*WHAT THIS TASK INVOLVES*. When you copy the data, keep every word exactly as it is and leave the pictures out.

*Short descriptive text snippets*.
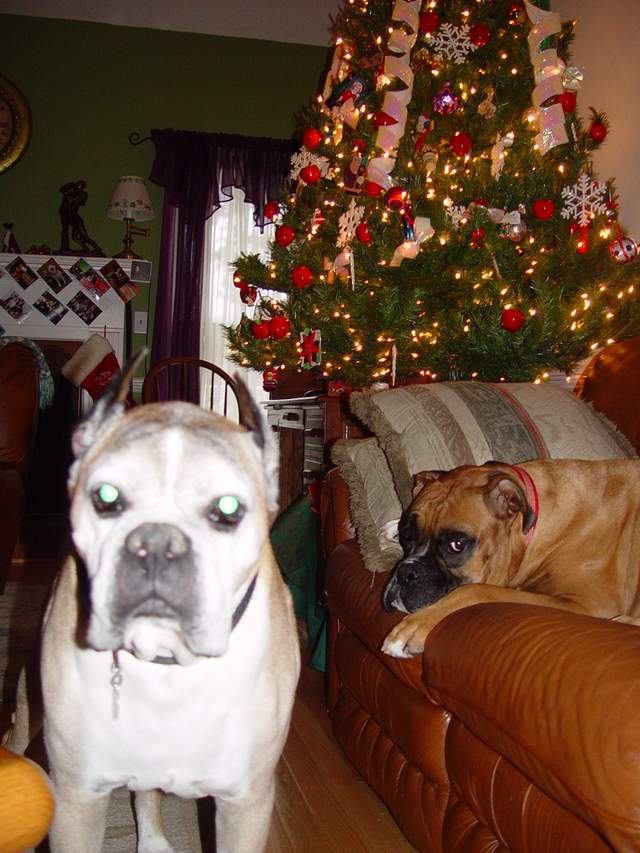 King & Hummers Xmas card 2005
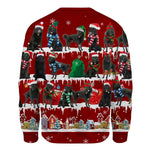 Schipperke - Snow Christmas - Premium Sweater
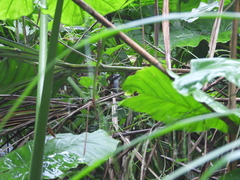 Pomatorhinus musicus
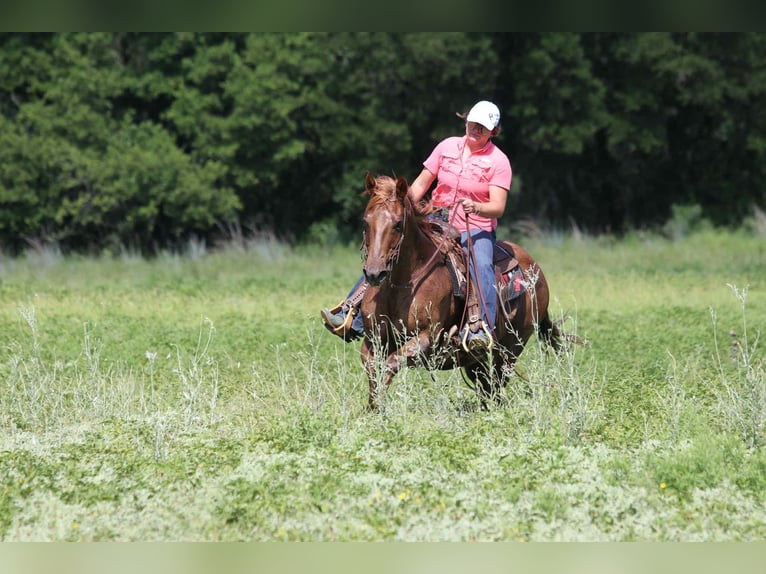 American Quarter Horse Gelding 14 years 15 hh Roan-Red in lipan Tx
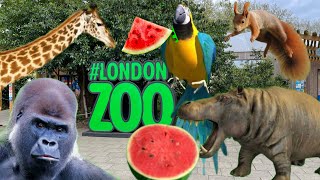 Baby gorilla, hippo and other cute animals in London Zoo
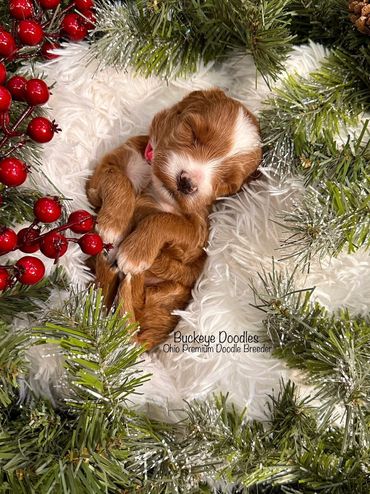 Sleeping puppy nestled in a festive Christmas wreath.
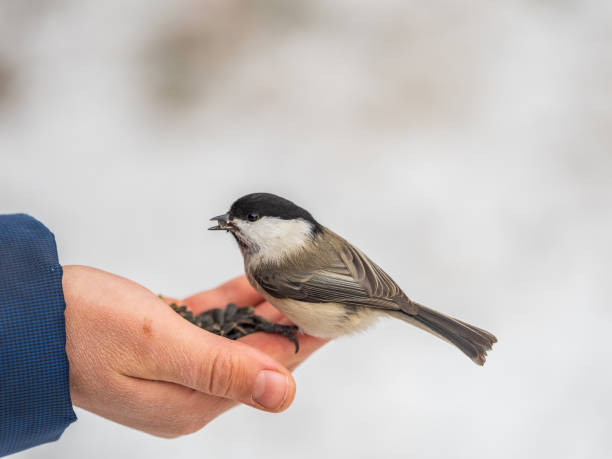 istock A willow tit sits on hand and eats seeds. Hungry bird willow tit eating seeds from a hand in winter or autumn 2039976470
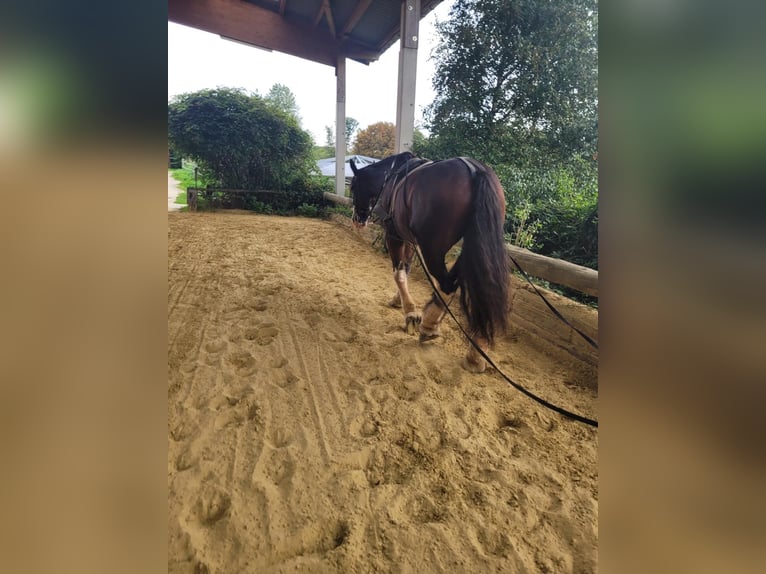 Clydesdale Castrone 18 Anni 178 cm Baio in EssenEssen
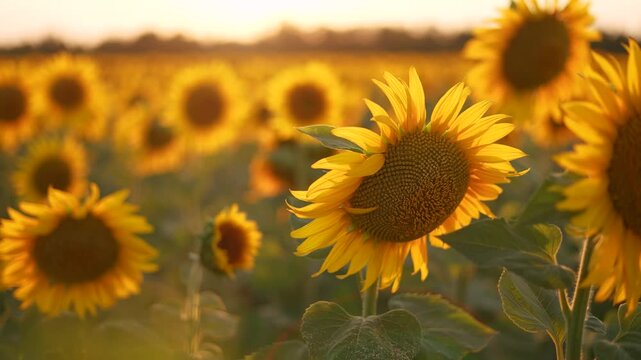 Sunflowers in a field of agriculture at sunset. Sunflower landscape flower concept. Field of sunflowers and flowers. Aerial view of fields of sunflowers and flowers in agriculture lifestyle at sunset.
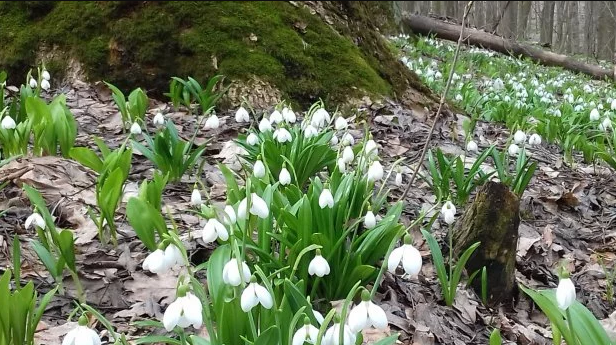 Проліски Проліски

*REPLY*.
 King & Hummers Xmas card 2005
 Schipperke - Snow Christmas - Premium Sweater
 Pomatorhinus musicus
 American Quarter Horse Gelding 14 years 15 hh Roan-Red in lipan Tx
 Baby gorilla, hippo and other cute animals in London Zoo
 Sleeping puppy nestled in a festive Christmas wreath.
 istock A willow tit sits on hand and eats seeds. Hungry bird willow tit eating seeds from a hand in winter or autumn 2039976470
 Clydesdale Castrone 18 Anni 178 cm Baio in EssenEssen
 Sunflowers in a field of agriculture at sunset. Sunflower landscape flower concept. Field of sunflowers and flowers. Aerial view of fields of sunflowers and flowers in agriculture lifestyle at sunset.
 Проліски Проліски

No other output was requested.